Having been a programmer for a long time, I have learned upon my hide to be this kind of conservative.

But the conservative temperament can easily lead to a look-alike corruption - the desire to keep things as they are to our own advantage.  As John Kenneth Galbraith accurately said: "The modern conservative is engaged in one of man's oldest exercises in moral philosophy; that is, the search for a superior moral justification for selfishness."  In 1948, George Kennan stated this reality about the goal of US foreign policy:

"Furthermore, we have about 50% of the world's wealth but only 6.3% of its population. This disparity is particularly great as between ourselves and the peoples of Asia. In this situation, we cannot fail to be the object of envy and resentment. Our real task in the coming period is to devise a pattern of relationships which will permit us to maintain this position of disparity without positive detriment to our national security."

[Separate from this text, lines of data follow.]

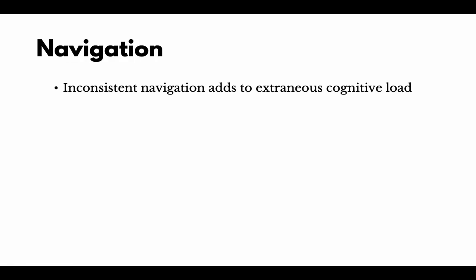So takeaways here: if a navigation experience is inconsistent, it does lead to extraneous cognitive load, which means students or your learners are distracted from learning and they're trying to focus instead on just using the tutorial.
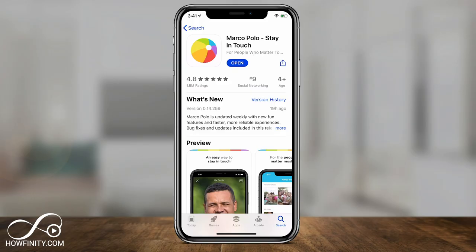Hey everyone, in today's app of the day video, I want to show you this app called Marco Polo. It's a messaging app, mainly a video messaging app, but it's very unique in the way that it works.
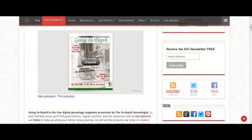Hello. Welcome to the In-Depth Genealogist. We've had a lot of questions about saving our latest Going In-Depth digital magazine as a PDF for people who would like to save it for later, read it on their computer, or use it on a digital device such as an iPad, Kindle, or other tablet.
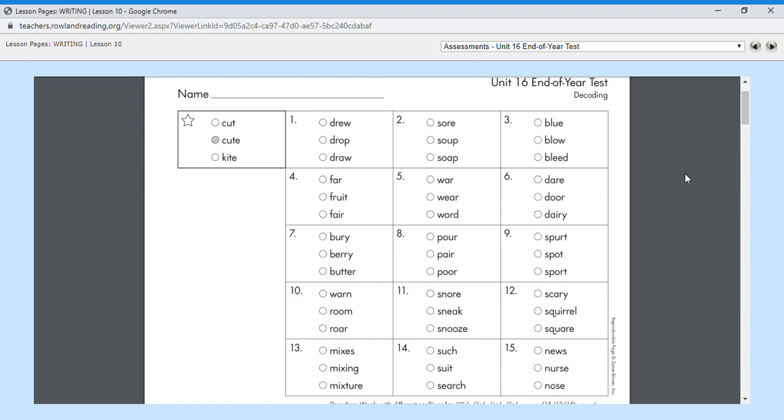Number eight, pour, like you pour water into a glass. That type of pour, not the other pour, because you may notice we have some homophones there. Same word, sounds the same, but it's spelled differently and looks differently. Number eight, I want the pour like I need to pour water into my cup. Pour, that pour.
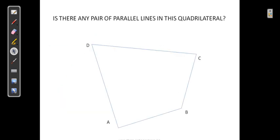Consider quadrilateral ABCD. Is there any pair of parallel lines in this quadrilateral? No — there are no parallel lines in this quadrilateral.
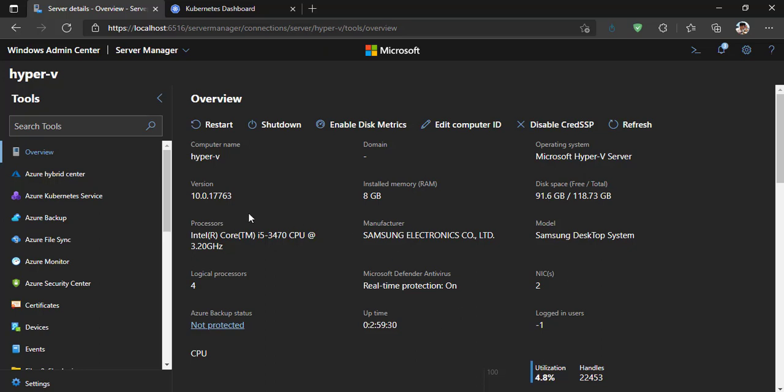Hello guys. In the previous video, I showed you how to deploy Nginx Ingress Controller on Kubernetes and made an example with it. Today, instead of using Nginx, we will use Istio to manage traffic on a Kubernetes cluster. Then we will make an example that uses Istio to distribute the traffic load using different rules. Let's start.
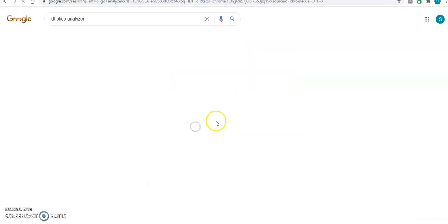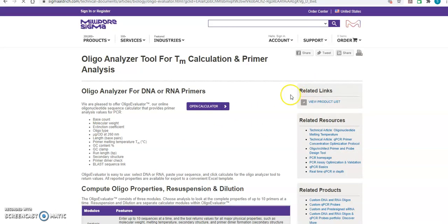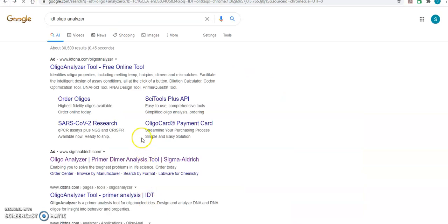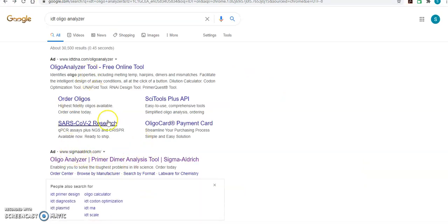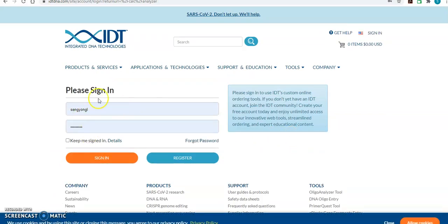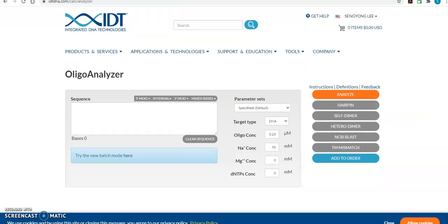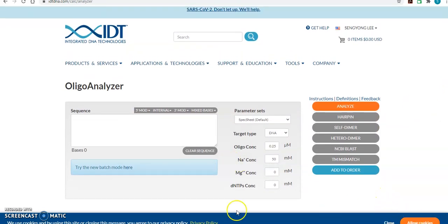Going back to the IDT website — once you have registered you can sign in and it will allow you to use the oligo analyzer. You can then type in the sequence of your primer. This segment is about 13 minutes long so I'm going to stop here and continue in the next video.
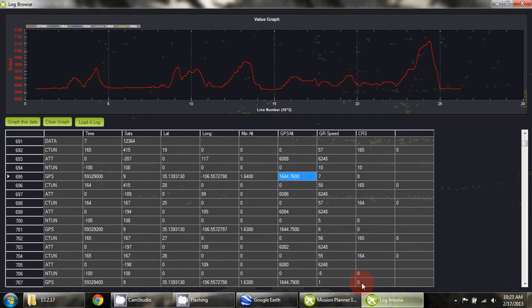So those are some helpful things in looking at the flight data from the ArduCopter.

This kind of conservatism ends up being quite reckless, since clinging to a privileged position founded on injustice requires the steady application of more injustice, and its price is unending fearfulness, the usually low-level but constant dread of the oppressor that if he lifts his boot from the neck of the oppressed his victim will leap up and avenge himself.

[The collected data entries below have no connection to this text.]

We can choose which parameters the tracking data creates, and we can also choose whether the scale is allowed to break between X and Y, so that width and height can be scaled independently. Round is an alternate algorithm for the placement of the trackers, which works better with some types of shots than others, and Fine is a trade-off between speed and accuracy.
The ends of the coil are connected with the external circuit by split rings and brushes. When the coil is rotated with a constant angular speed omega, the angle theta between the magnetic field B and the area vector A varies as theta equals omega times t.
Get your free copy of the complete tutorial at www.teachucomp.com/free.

That is very obvious in the rage against black people, immigrants, Muslims, and others that we see in lots of white people these days - who are certainly being ripped off, but not by those that they are hating and kicking down on.

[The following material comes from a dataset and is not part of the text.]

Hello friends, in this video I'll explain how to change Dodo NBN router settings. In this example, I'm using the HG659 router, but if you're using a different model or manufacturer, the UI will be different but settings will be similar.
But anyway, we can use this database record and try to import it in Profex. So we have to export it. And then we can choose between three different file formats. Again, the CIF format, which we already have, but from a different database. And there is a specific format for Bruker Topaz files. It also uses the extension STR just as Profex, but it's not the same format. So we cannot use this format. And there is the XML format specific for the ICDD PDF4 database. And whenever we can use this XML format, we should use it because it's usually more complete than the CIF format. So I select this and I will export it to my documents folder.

For instance, there is an immigration problem, but the problem is not immigrants, who are actually performing such services as keeping Social Security solvent and preventing the demographic collapse happening in such places as Japan.  The problem is that the owners and rulers of this country, operating both through the Republican and Democratic parties, have made legal immigration difficult and illegal immigration easy - for the obvious purpose of ensuring a large pool of vulnerable workers, easily ripped off, who also give leverage to those rulers and owners to rip off white US workers.  The immigrant-hating of these workers is not helping them, just as it never has.  It didn't work in the 1890s for white people being ripped off in the same way through the use of black scabs to break their strikes.  Most of these white folks were played for suckers and enticed to hate those more oppressed than they were; a few, like the United Mineworkers, instead sometimes chose to consider them fellow sufferers and organized them.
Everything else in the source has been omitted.